Starting up smoothly – a network of chatbots for foreign entrepreneurs coming to Finland

Status Complete
Started March 2018
Inland's role Leading

Public organisations work in their silos. Every organisation tries to optimise their own services; all too often without realising that user journeys often span between multiple organisations.

When an immigrant wants to come to Finland to work she needs not only immigration services from Migri, but also a tax card from Vero (Finnish Tax Administration), a social security card from Kela ( Finnish Social Insurance Institution) and many other public and private services. Nevertheless, when Migri thinks about its services it tries to optimise only their small part of the customer journey, without paying attention to the interconnectedness.

The concept

The idea for a chatbot network has been around since 2017: Connecting services from different public authorities in Finland to build comprehensive services around users’ events-in-life (e.g. immigration). In Inland’s concept idea we utilise independent chatbots that are interconnected through an added network layer. Each organisation remains in charge of their own content, while at the same time providing a common service that centers around user needs in their specific situation.

ChatbotNetwork

Migri, PRH and Vero connect via the chatbot network

The Process

In March 2018 we started experimenting this service together with the Finnish Tax Administration Vero and built a demo aimed to help foreign workers navigate their immigration & taxation journey to Finland. The special focus was to be on entrepreneurs. This phase of the project ended with a public demo, which was received very well. Participants encouraged us to pilot this service as soon as possible.

In August 2018 the Finnish Patent & Registration Office (PRH), in charge of company registration as well as patents in Finland, joined the project and the second phase started. Together with the three organisations onboard (Migri, Vero, PRH) we built a common service to help foreign entrepreneurs start their business in Finland. This service is piloting from December 2018 to June 2019.

ProcessMap

The collaboration and network building started in March 2018.

 

 


Double diamond-design process

In this project we used a classic double diamond-design process already twice: In both phases of the project (March-June 2018 and August 2018-June 2019) we started with user research, conducting interviews & surveys and then analysed the results to define the focus group: foreign entrepreneurs who have decided to start their business in Finland but don’t know where exactly to start.

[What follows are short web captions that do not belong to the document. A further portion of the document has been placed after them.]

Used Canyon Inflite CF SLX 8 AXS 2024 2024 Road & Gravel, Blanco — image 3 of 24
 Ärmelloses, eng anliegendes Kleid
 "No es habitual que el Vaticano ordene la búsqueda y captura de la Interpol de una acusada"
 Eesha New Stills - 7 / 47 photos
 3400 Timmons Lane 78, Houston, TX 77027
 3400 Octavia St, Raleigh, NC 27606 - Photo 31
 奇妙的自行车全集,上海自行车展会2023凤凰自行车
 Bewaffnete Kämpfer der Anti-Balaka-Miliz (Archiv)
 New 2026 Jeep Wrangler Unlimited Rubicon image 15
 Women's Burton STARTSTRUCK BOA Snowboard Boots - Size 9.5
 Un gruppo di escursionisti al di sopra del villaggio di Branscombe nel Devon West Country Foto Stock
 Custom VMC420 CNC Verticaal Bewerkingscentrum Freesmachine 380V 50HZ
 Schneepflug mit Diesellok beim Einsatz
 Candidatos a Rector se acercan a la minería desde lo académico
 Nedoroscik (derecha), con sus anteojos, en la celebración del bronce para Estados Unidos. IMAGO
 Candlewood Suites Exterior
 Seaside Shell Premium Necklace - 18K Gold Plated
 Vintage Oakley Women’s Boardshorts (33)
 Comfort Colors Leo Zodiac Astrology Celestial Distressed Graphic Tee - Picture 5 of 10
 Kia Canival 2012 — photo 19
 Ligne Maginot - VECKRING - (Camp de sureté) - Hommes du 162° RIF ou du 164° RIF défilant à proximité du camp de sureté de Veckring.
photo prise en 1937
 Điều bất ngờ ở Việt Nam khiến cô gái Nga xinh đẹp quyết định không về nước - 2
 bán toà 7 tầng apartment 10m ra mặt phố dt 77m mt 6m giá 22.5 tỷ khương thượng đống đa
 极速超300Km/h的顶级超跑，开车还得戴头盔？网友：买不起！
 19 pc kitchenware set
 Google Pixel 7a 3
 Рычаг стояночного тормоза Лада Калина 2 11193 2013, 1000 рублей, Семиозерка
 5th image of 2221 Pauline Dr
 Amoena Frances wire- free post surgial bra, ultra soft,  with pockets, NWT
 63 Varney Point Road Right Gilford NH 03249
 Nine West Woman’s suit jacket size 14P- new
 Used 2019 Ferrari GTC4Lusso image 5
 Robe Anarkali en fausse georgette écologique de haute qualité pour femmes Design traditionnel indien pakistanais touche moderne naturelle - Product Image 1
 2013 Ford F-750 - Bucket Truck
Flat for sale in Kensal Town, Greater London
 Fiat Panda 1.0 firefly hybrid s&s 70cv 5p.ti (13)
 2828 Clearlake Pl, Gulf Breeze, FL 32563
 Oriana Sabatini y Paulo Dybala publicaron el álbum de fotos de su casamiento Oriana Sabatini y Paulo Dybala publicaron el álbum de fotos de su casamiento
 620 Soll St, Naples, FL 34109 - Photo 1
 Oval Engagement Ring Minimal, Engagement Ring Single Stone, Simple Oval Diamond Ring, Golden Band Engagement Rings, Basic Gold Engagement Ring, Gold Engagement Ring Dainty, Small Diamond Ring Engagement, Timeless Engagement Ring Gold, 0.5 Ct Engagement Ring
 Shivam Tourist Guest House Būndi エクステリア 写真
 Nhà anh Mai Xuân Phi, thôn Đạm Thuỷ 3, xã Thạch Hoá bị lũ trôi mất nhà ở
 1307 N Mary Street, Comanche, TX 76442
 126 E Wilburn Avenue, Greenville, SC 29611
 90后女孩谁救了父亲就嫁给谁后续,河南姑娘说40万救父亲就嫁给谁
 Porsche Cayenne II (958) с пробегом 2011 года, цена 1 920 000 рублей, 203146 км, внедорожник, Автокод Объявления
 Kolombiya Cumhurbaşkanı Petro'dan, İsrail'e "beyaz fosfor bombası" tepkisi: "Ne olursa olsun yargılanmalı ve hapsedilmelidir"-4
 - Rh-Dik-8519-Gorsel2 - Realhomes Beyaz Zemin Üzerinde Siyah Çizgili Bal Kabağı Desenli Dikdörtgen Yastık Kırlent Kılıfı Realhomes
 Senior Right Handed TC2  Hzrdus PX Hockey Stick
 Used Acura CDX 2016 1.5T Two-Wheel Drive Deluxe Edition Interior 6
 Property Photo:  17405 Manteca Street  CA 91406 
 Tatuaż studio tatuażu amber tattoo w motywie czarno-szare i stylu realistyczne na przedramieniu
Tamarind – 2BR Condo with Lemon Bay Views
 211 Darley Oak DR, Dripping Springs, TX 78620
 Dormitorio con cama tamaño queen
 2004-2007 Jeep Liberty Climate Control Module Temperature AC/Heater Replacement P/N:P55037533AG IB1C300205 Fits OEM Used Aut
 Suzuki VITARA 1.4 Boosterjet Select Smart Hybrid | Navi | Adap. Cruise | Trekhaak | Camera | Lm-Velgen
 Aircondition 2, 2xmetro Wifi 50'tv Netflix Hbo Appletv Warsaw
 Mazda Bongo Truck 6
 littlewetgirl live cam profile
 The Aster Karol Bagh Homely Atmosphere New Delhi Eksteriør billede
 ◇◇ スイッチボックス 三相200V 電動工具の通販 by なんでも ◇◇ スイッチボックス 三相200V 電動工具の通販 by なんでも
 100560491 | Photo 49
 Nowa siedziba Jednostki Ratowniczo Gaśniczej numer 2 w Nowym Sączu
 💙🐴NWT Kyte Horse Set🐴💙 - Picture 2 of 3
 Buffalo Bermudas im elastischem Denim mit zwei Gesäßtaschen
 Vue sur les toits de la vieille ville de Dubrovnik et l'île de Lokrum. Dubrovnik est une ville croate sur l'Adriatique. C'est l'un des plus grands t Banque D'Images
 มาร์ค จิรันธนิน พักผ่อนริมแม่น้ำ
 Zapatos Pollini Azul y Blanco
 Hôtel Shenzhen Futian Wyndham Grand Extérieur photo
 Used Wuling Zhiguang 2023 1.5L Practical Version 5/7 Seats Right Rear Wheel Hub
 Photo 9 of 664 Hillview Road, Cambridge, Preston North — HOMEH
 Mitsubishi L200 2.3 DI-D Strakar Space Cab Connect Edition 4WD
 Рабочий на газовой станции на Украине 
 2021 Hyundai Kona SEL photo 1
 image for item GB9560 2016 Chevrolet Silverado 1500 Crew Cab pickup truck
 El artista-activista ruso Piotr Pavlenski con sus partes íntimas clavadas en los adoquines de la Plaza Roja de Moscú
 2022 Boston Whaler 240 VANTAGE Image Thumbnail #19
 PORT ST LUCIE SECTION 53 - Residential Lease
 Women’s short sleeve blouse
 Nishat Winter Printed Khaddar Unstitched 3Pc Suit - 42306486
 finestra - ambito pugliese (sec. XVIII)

Based on the research phase we then created content for the three chatbots, that served the user needs. This content was constantly tested in usability tests with the end users. Based on the usability tests we adjusted the contents before we finally put it live in early December 2018. Lots of work was put into designing, testing and adjusting the transfers between the three organisations. While the service is in pilot phase the team continues to build additional content based on needs we recognise from conversations logs as well as further user tests.

The main evaluation of this project will take place during summer 2019.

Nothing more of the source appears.